In the chapter on mortgage intermediaries that I share with lawyer Cristina Borrallo of the book edited by Bosch ‘ Comments on the Regulatory Law of Real Estate Credit Contracts ‘, collective work coordinated by Dr. José María López Jiménez , openly criticized the myopia of the legislator when regulating mortgage advice.

A book on Law 5/2019, of March 15, regulator of real estate credit contracts that I recommend reading to all mortgaged and potential borrowers who want to know their rights and duties in depth, and professionals who decide to be experts at work Law 5/2019 considers the intermediation service different from that of advice. I do not conceive a quality mortgage intermediation without advice, moreover, a mortgage intermediary that does not advise is more a mortgage comparator than a mortgage professional.

Advice on real estate loans

Article 19 of Law 5/2019 regulates advice related to real estate loans. The first thing it does is limit the provision of the advisory service to real estate lenders, real estate credit intermediaries or their designated representatives. What is supposed to leave out other professionals, whether lawyers or economists specialized in the mortgage sector. However, the rule adds that these services may be provided by the persons referred to in article 26.3 (persons who offer mortgage counseling “as an accessory within the framework of a professional activity regulated by legal or regulatory provisions that do not exclude the provision of such activities or services, and provided that the credit intermediation activity, without constituting its main activity, is intimately related to the provision of the main contract between the professional and the borrower »), as well as persons who, without being part of the categories already mentioned, they provide advisory services, provided that they have been recognized by the competent authorities and are subject to their supervision in accordance with the requirements established in this Law for real estate credit intermediaries.

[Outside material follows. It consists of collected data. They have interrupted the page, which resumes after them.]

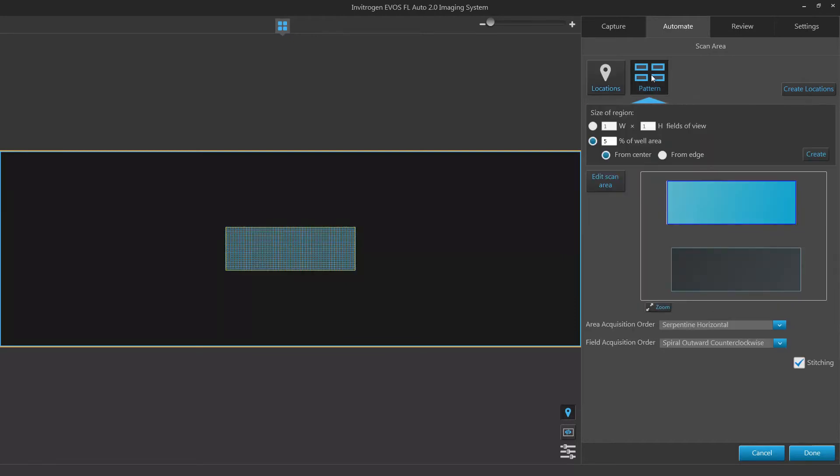Pattern will allow you to define an area using either a grid with dimensions you manually define or percentage of the vessel area you wish to scan. By default, the vessel map available in this tool will be the last map used in the capture tab.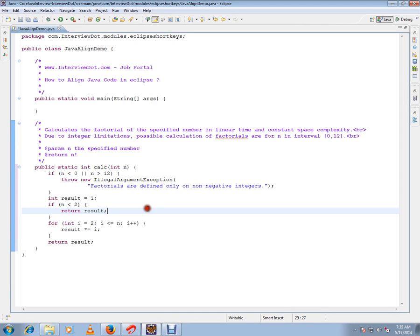Okay, so now it has formatted your method properly, your code properly. Hope this video is useful. Thank you and all the best.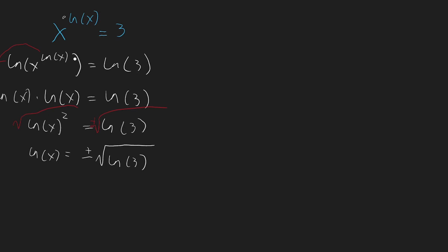And now we can lift it up with e, so we can use e on both sides and we say e power to ln to the x, which obviously equals x but it also equals the right side, equals e power to plus minus square root of ln to 3.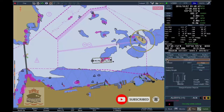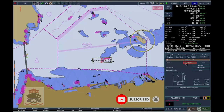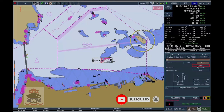To adjust the forward dimension of the rectangular Lookahead frame, click the Distance button or the Time button and enter the desired values via the numeric on-screen keyboard.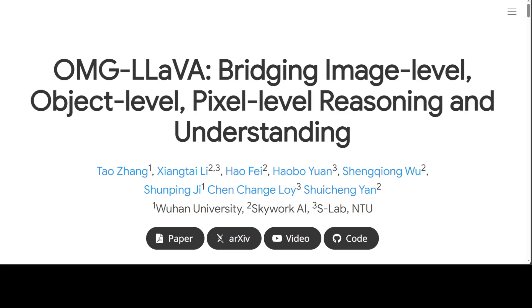The weights are not out yet so I couldn't try it out, but I will drop the link to this paper in the video description. As soon as the weights are available I will be trying it out if my GPU permits. A lot of things are happening with these vision models, so stay tuned to the channel. If you like the content please consider subscribing, and if you are already subscribed please share it among your network — it helps a lot. Thanks for watching.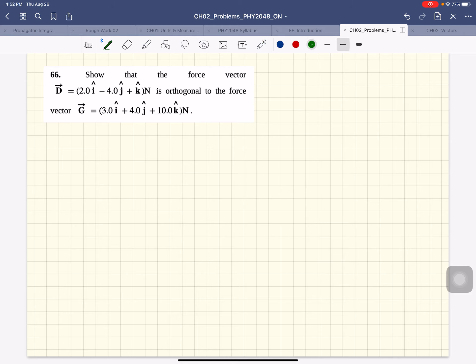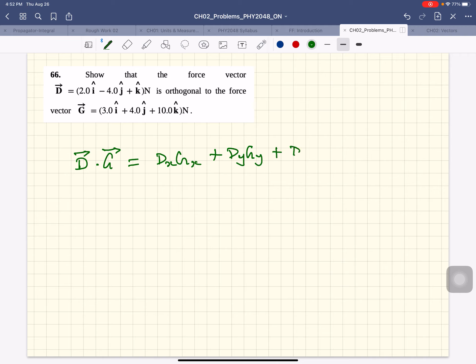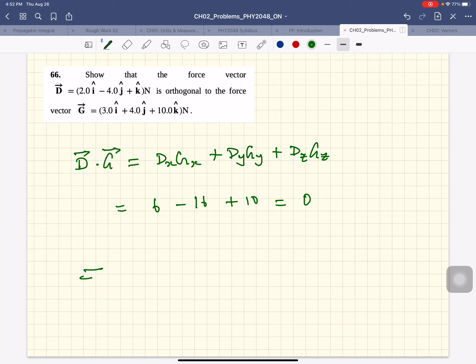So let's evaluate D dot G. It's DX times GX plus DY times GY plus DZ times GZ. So that's 6 minus 16 plus 10. Therefore, D is perpendicular to G.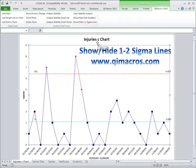That's how easy it can be to see the 1 and 2 Sigma lines on a QI Macros control chart.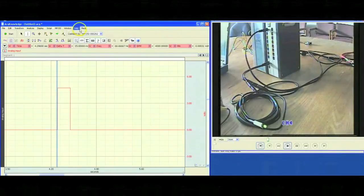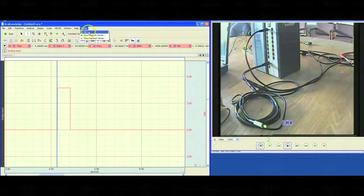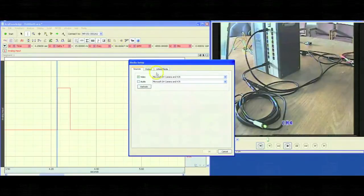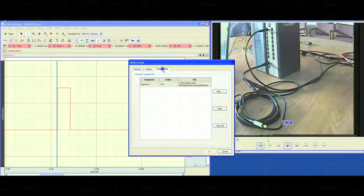What we can do is then go back to the media menu, click on setup, go to our linked media, and edit our delay.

Royal Decree 309/2019 limits in this way the independent advice that, in practice, in Spain the possibility of providing independent mortgage advice disappearing in compliance with the legislation, in my opinion. It says that to be before an independent advice the following requirements must be fulfilled.

Who can be a mortgage advisor?

Who can be a mortgage advisor?

Real estate credit counseling is not a free activity. Only complying with the requirements of the regulation can be advised. I agree with Fernando Zunzunegui that real estate agents are allowed to advise, accrediting training and knowledge, in addition to lenders, intermediaries and their designated representatives.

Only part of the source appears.